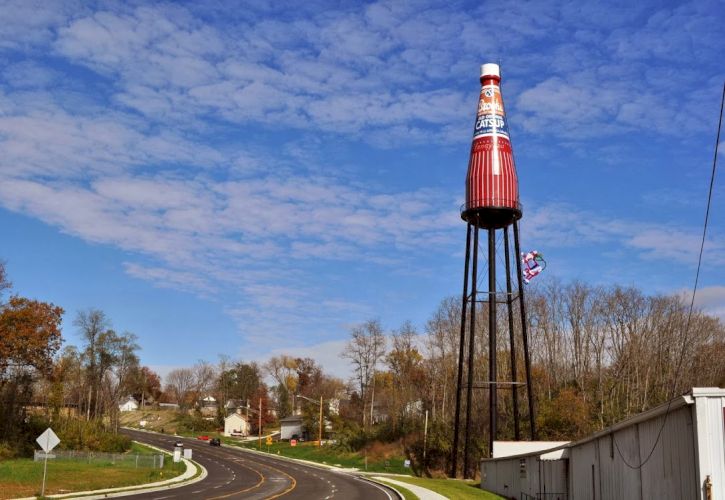 World's Largest Catsup Bottle – Collinsville, Illinois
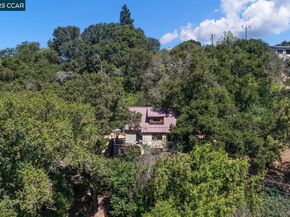 37 20 La Madronal, Orinda CA 94563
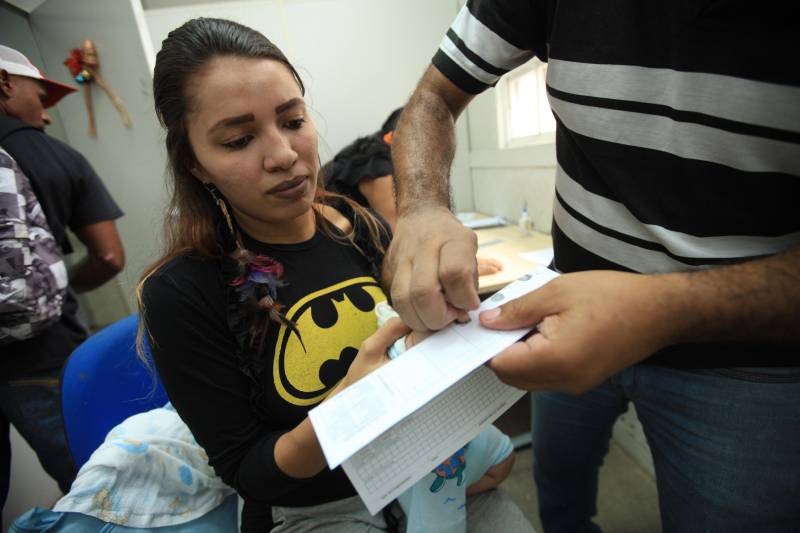 Uma média de 50 a 60 mil RGs foram emitidos por mês em todo o Pará pela Diretoria de Identificação "Enéas Martins" (Didem), da Polícia Civil, de janeiro a novembro de 2018. O número é considerado alto e é resultado da maior agilidade no atendimento para a emissão e entrega do documento, possível após a possibilidade de agendamento pelo site do órgão de segurança pública. Antes, longas filas se formavam na frente da Delegacia Geral do Estado, o principal posto de atendimento. A diretora da Didem, Juliete Monteiro, conta que com a modernização da polícia no interior do Estado contribuiu com o aumento das emissões e com a diminuição do prazo para a entrega do documento. “Tinha município que esperava até 40 dias. Com a informatização, o prazo diminuiu bastante”, diz. Além disso, Juliete lembra que o agendamento informatizado inibiu situações irregulares, como a venda de senha para o atendimento. Atualmente, 44 municípios do Estado são informatizados. Destes, 32 passaram pela modernização de sistema nos últimos oito anos de gestão do governador Simão Jatene. “Agora temos muito mais possibilidades no interior. Quem não tem posto de atendimento no seu município, pode fazer na cidade mais próxima. Temos muito ainda pela frente, mas estamos caminhando para que o usuário aguarde cada vez menos tempo para receber seu RG”, concluiu.

FOTO: MÁCIO FERREIRA / AG. PARÁ
DATA: 03.12.2018
BELÉM - PARÁ
 <div class='credito_fotos'>Foto: MÁCIO FERREIRA/ AG. PARÁ   |   <a href='/midias/2018/originais/2a5446ca-e976-4fdc-af86-40e7d5239d79.jpg' download><i class='fa-solid fa-download'></i> Download</a></div>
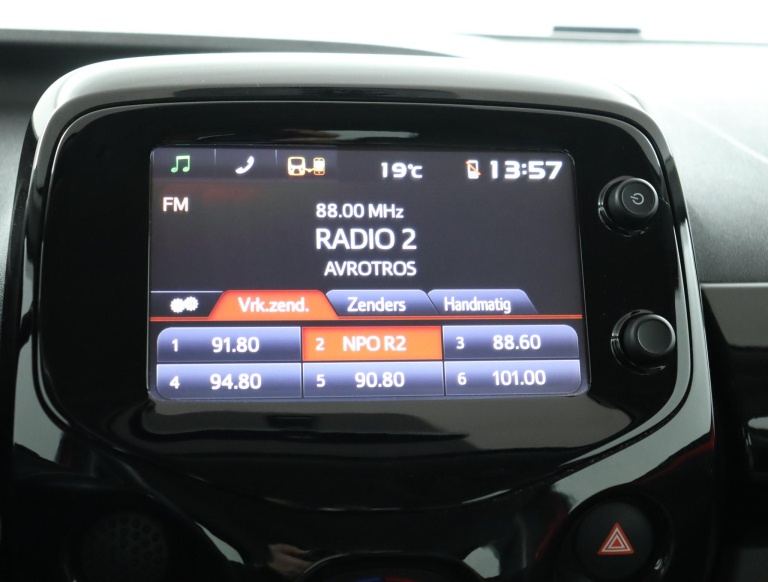 Toyota Aygo - 1.0 VVT-i x-cite 8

Exercise instructions: Word for word, return the listing above; the pictures do not belong in the copy.

Solution:
 World's Largest Catsup Bottle – Collinsville, Illinois
 37 20 La Madronal, Orinda CA 94563
 Uma média de 50 a 60 mil RGs foram emitidos por mês em todo o Pará pela Diretoria de Identificação "Enéas Martins" (Didem), da Polícia Civil, de janeiro a novembro de 2018. O número é considerado alto e é resultado da maior agilidade no atendimento para a emissão e entrega do documento, possível após a possibilidade de agendamento pelo site do órgão de segurança pública. Antes, longas filas se formavam na frente da Delegacia Geral do Estado, o principal posto de atendimento. A diretora da Didem, Juliete Monteiro, conta que com a modernização da polícia no interior do Estado contribuiu com o aumento das emissões e com a diminuição do prazo para a entrega do documento. “Tinha município que esperava até 40 dias. Com a informatização, o prazo diminuiu bastante”, diz. Além disso, Juliete lembra que o agendamento informatizado inibiu situações irregulares, como a venda de senha para o atendimento. Atualmente, 44 municípios do Estado são informatizados. Destes, 32 passaram pela modernização de sistema nos últimos oito anos de gestão do governador Simão Jatene. “Agora temos muito mais possibilidades no interior. Quem não tem posto de atendimento no seu município, pode fazer na cidade mais próxima. Temos muito ainda pela frente, mas estamos caminhando para que o usuário aguarde cada vez menos tempo para receber seu RG”, concluiu.

FOTO: MÁCIO FERREIRA / AG. PARÁ
DATA: 03.12.2018
BELÉM - PARÁ
 <div class='credito_fotos'>Foto: MÁCIO FERREIRA/ AG. PARÁ   |   <a href='/midias/2018/originais/2a5446ca-e976-4fdc-af86-40e7d5239d79.jpg' download><i class='fa-solid fa-download'></i> Download</a></div>
 Toyota Aygo - 1.0 VVT-i x-cite 8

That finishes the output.